The MLOps vocabulary — registry, lineage, monitoring, canary — comes from a world where the model serves a request and the cost of a wrong prediction is one user-visit’s worth of friction. Quant trading uses the same words but doesn’t mean the same things.
A few of the differences that matter when you’re building the platform.
”Reproducible” means something stronger
In web MLOps, reproducible-ish is fine: rerun the training pipeline, expect approximately the same model, ship the new one. In quant research, reproducible means bit-exact — a year from now, when trading questions a fill that happened today, you need to recover the exact model, the exact features, the exact data window, and the exact signal value, with no drift.
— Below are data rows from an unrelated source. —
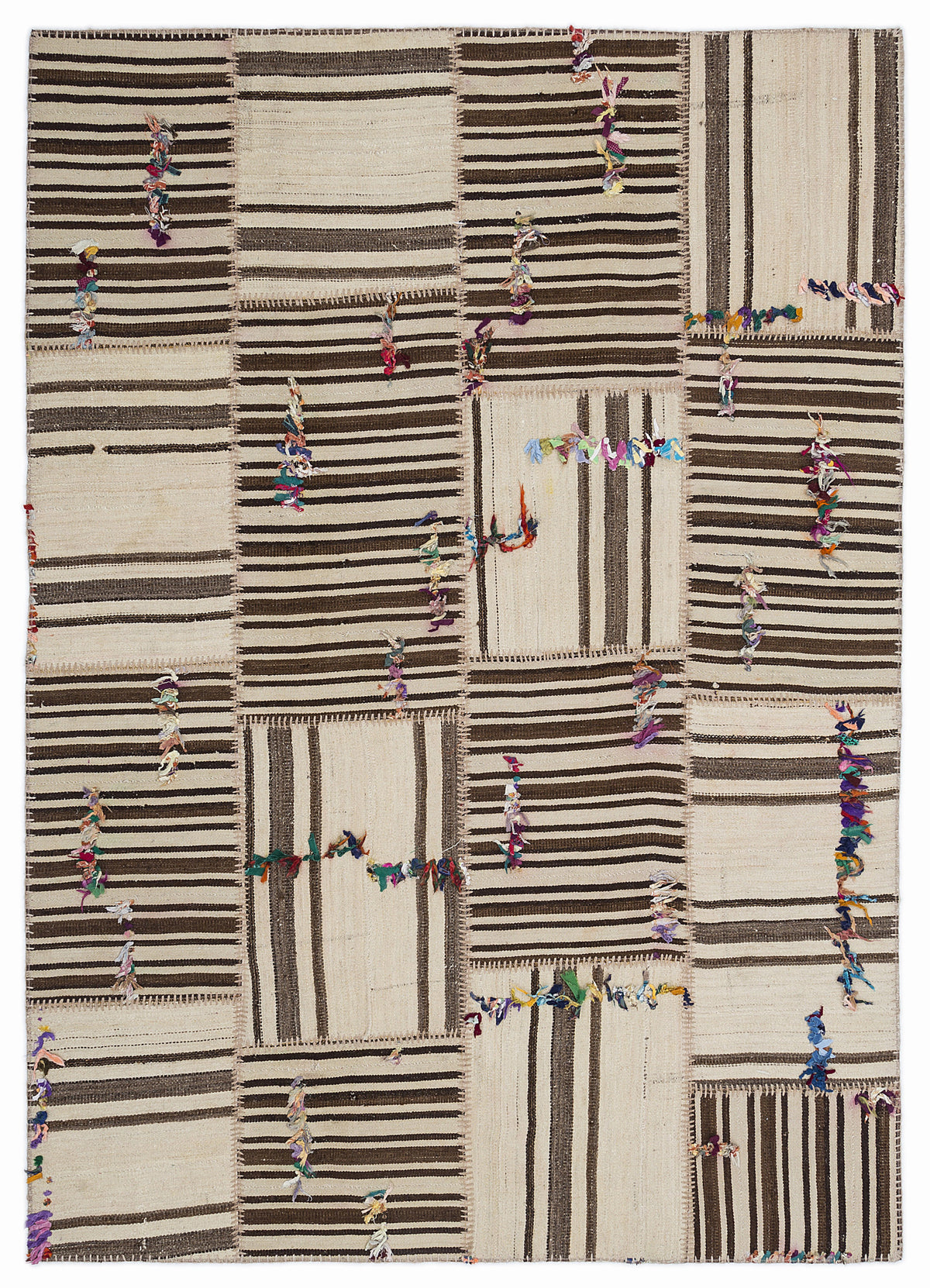 Striped Over Dyed Kilim Patchwork Unique Rug 5&#39;3&#39;&#39; x 7&#39;7&#39;&#39; ft 160 x 230 cm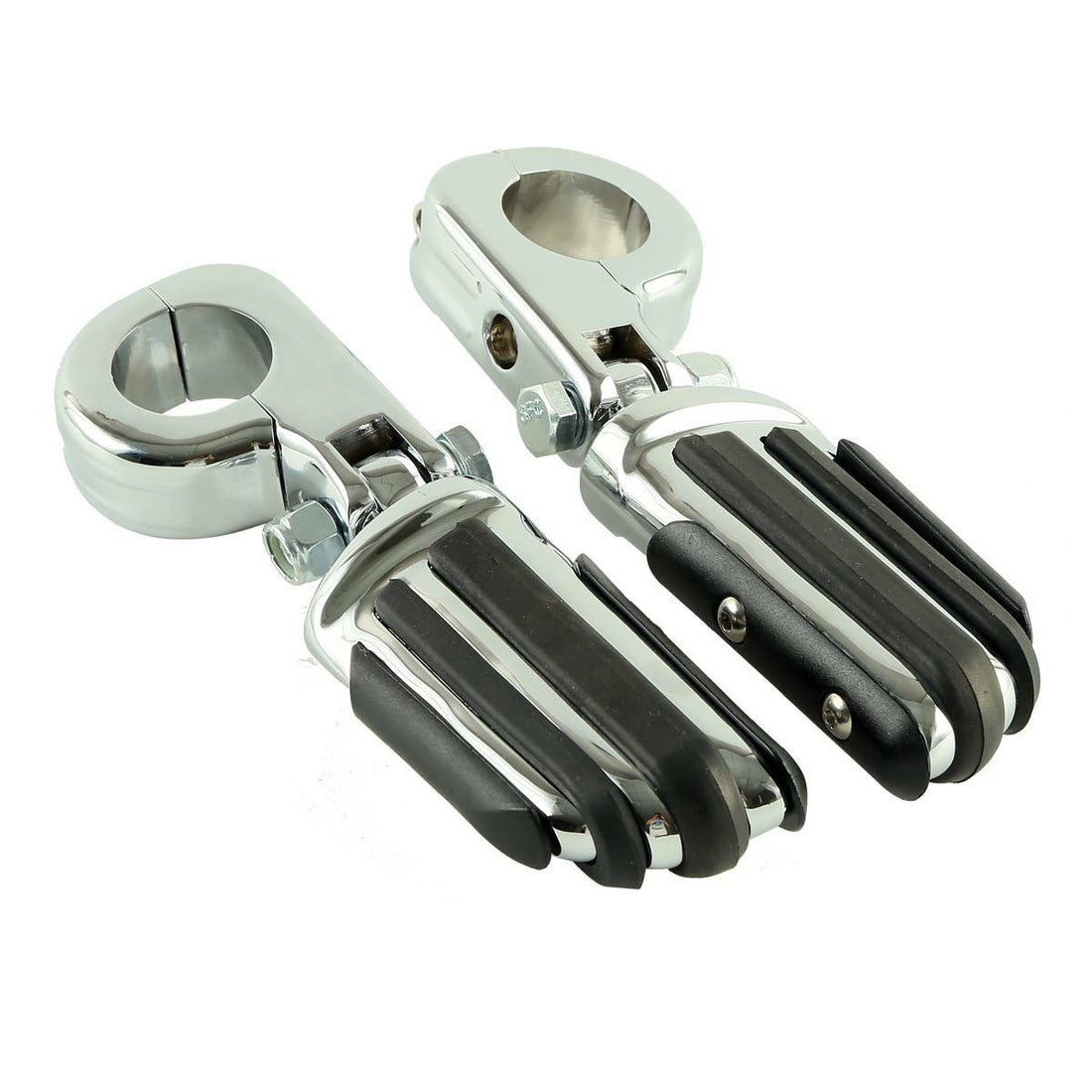 1 1/4" Chrome Highway Bar Pilot Male Footpegs Mount Clamps Fit For Harley Yamaha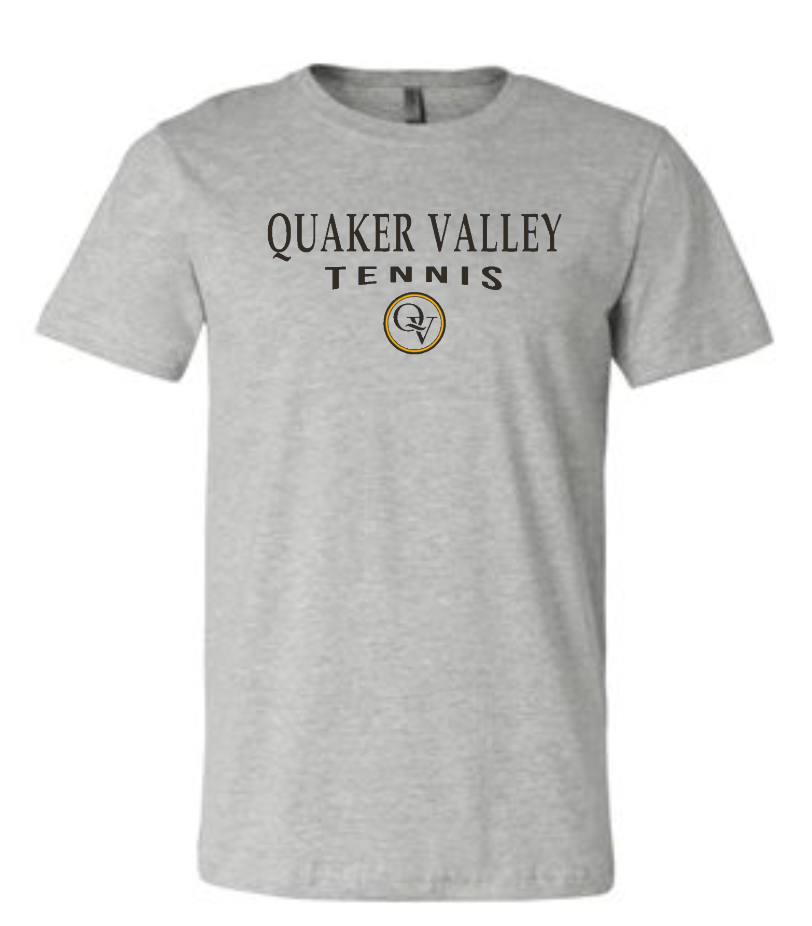QUAKER VALLEY TENNIS 20/21 YOUTH & ADULT SHORT SLEEVE T-SHIRT - ATHLETIC GRAY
Concretely: every random seed is recorded, every library version is pinned in the registered artefact (not just in a requirements file), and the feature graph is content-addressed so a downstream node’s hash changes whenever any ancestor’s code changes. “Trust me it’s the same model” doesn’t make it past compliance.
Monitoring is bimodal
Web ML monitors one thing well: prediction quality. Quant has to monitor two things, and they’re not the same.
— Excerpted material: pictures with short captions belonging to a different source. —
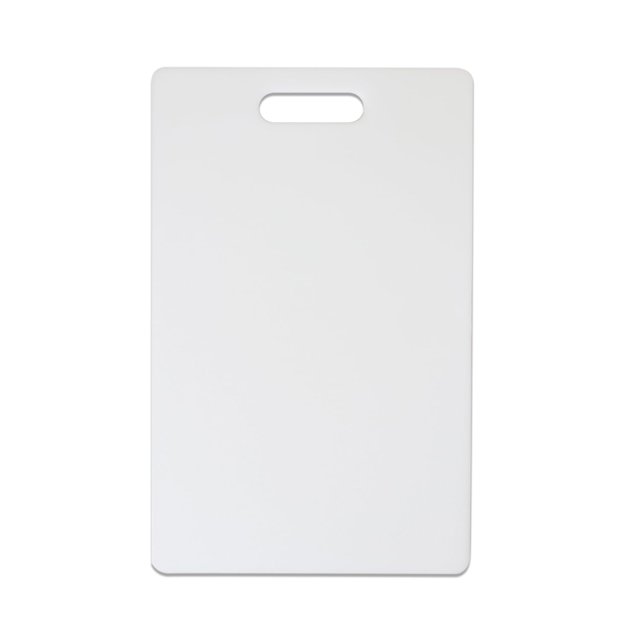 Tabla de cortar Dexas NSF Polysafe con mango, 95 por 15 pulgadas, color blanco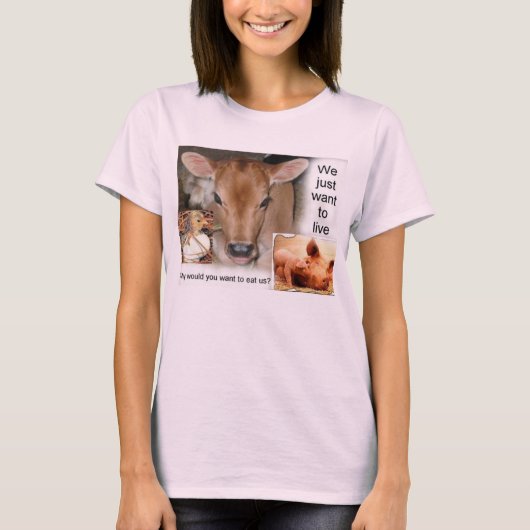 なぜ食べ私たち？ Tシャツ (正面)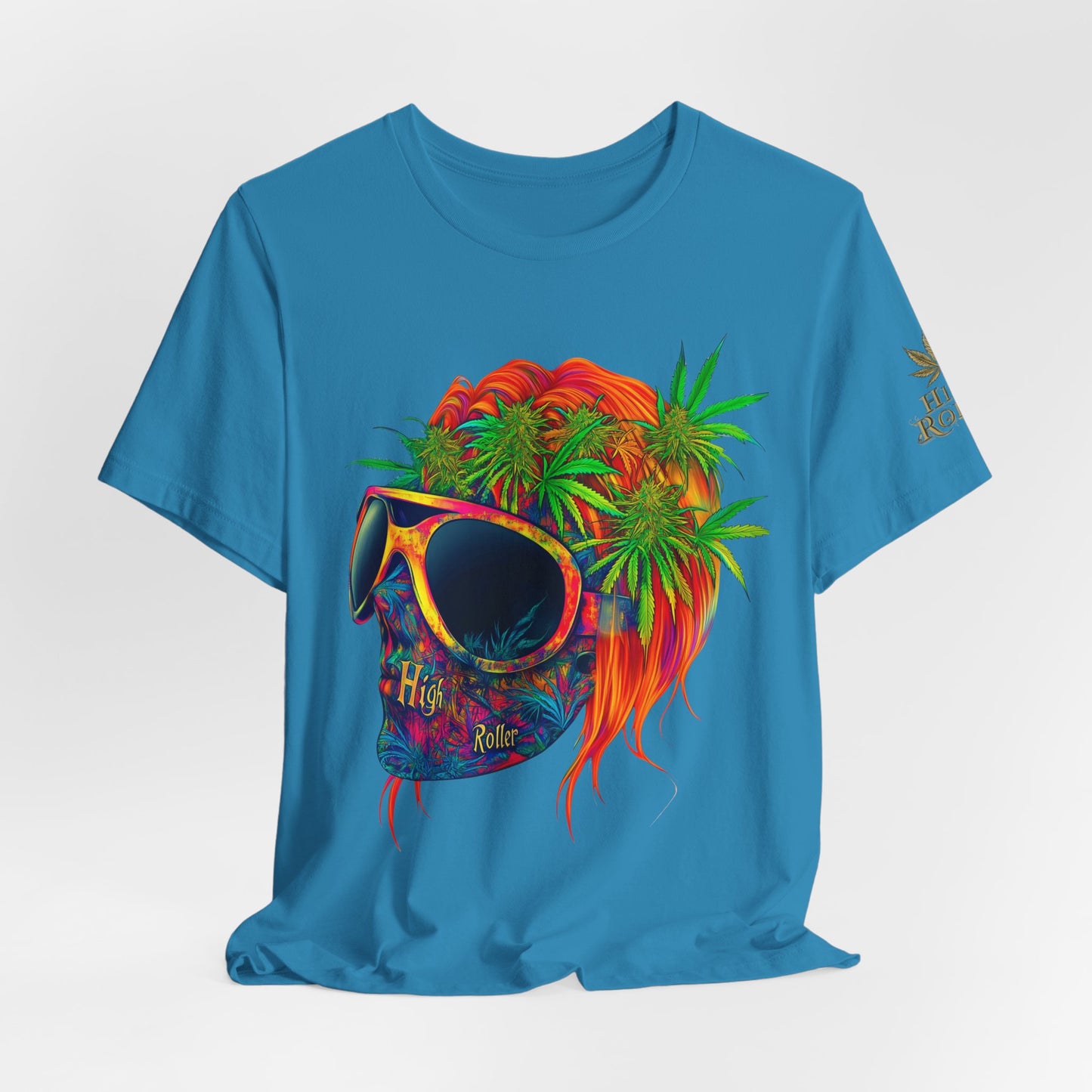 Tropical Cannabis Skull Tee - Paradise Vibes Art Design | High Roller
- Infra freshness (is the feature up to date? is the schema what the model expects? is latency within SLO?) — pages on call.
- Alpha drift (is the model still earning? is its return profile changing?) — goes to research, not to ops.
Mixing them up is how you get woken at 3am for a Sharpe that slipped from 1.4 to 1.3. The platform should route them differently by design.
”Deploy” needs a contract, not a script
In a typical ML deploy, you push a model and it serves traffic. In quant, you push a model and it consumes a market-data stream that must match what it saw in training. The deploy is a contract: the feature graph the model was trained on, the schema of that graph, and the data window over which the contract was validated.
This is why model-registry carries the feature graph hash, not just the weights. A deploy that doesn’t pass a schema check at load time is rejected — at the boundary, not at the first divergent signal.
Promotion is two questions, not one
A web model gets promoted when it beats the incumbent on a held-out metric. A trading model gets promoted when it beats the incumbent and the team can explain why. The framework should require both — a numeric report (which it generates) and a written rationale (which it stores alongside the artefact).
The second one is what stops “good number, deploy it” from being a regular occurrence. It also gives the next person to look at the model, six months later, a clue.
Rollback is the unit of safety
In web ML, the safe move during an incident is often a slow rollback: roll percentages back, watch, decide. In trading, the safe move is instant. The registry’s promotion API is a write; the rollback API is one call away and has been load-tested. If you can’t roll back in under two minutes, you don’t have a registry, you have a database.
Different shape, same vocabulary. Most of the platform work I care about is reading the MLOps literature and asking, “what would this mean if a wrong prediction cost the firm money?” — and rebuilding the bit that doesn’t survive contact with that question.